История кино. Киносъемки, кинопромышленность, киноискусство — страница 48 из 72

Новое германское кино рождалось в 1960-х гг. в довольно непростой обстановке. В эти годы успехом в Германии у массового зрителя пользовались «родные» фильмы привычного типа, например криминальные драмы «Горбун из Сохо» (1966) и «Синяя рука» (1967) Альфреда Форера, снятые по популярным криминальным романам Эдгара Уоллеса; «вестерны» «Виннету и полукровка Апаначи» Харольда Филиппа и «Виннету и его друг Огненная Рука» Альфреда Форера (оба – 1966) по не менее популярным романам Карла Мая об индейцах; как и в 1920-х гг., были популярны фильмы о сексуальном образовании «Чудо любви» Франца Йозефа Готлиба и «Чудо любви-2 – сексуальное партнерство» Алексиса Неве (оба –1968) по книгам Освальта Колле.

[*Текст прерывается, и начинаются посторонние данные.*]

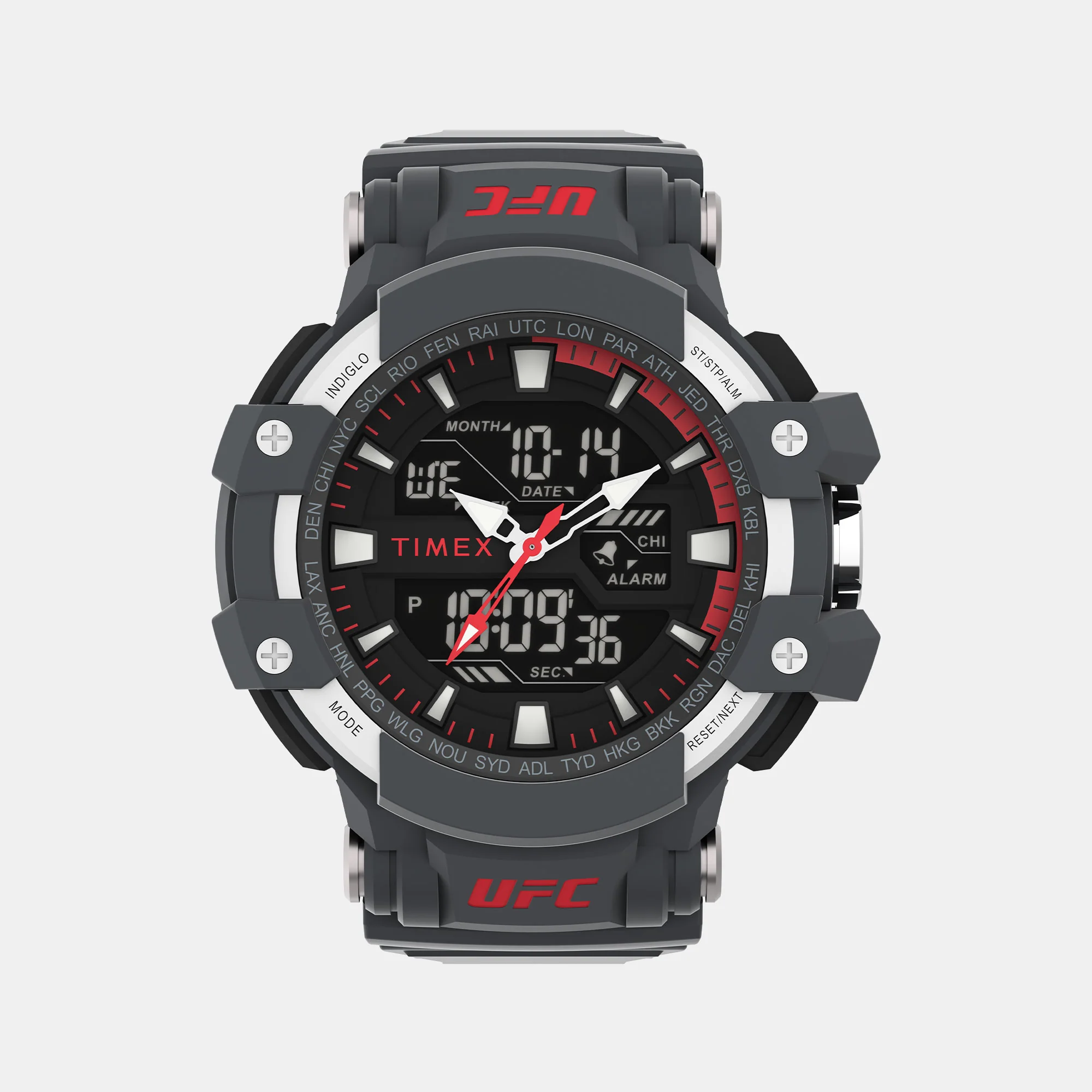 UFC Men Quartz Dial Analog Resin Watch TW5M519000D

Все эти подражательные «вестерны», криминальные драмы, фильмы о «сексуальном образовании», о непреодоленном прошлом (вроде «Генерала дьявола» Хельмута Койтнера, 1955), Heimat filme (фильмы о Родине, вроде «Девушек из Имменхофа» Вольфганга Шляйфа, 1955) сильно компрометировали кинематограф ФРГ. Причем как за границей (в Венеции, например, в 1961 г. организаторы кинофестиваля отказались включать в фестивальную программу фильмы из ФРГ), так и дома: Федеральное министерство внутренних дел отказывалось вручать ежегодные призы за лучший фильм, за лучший сценарий, лучшему режиссеру.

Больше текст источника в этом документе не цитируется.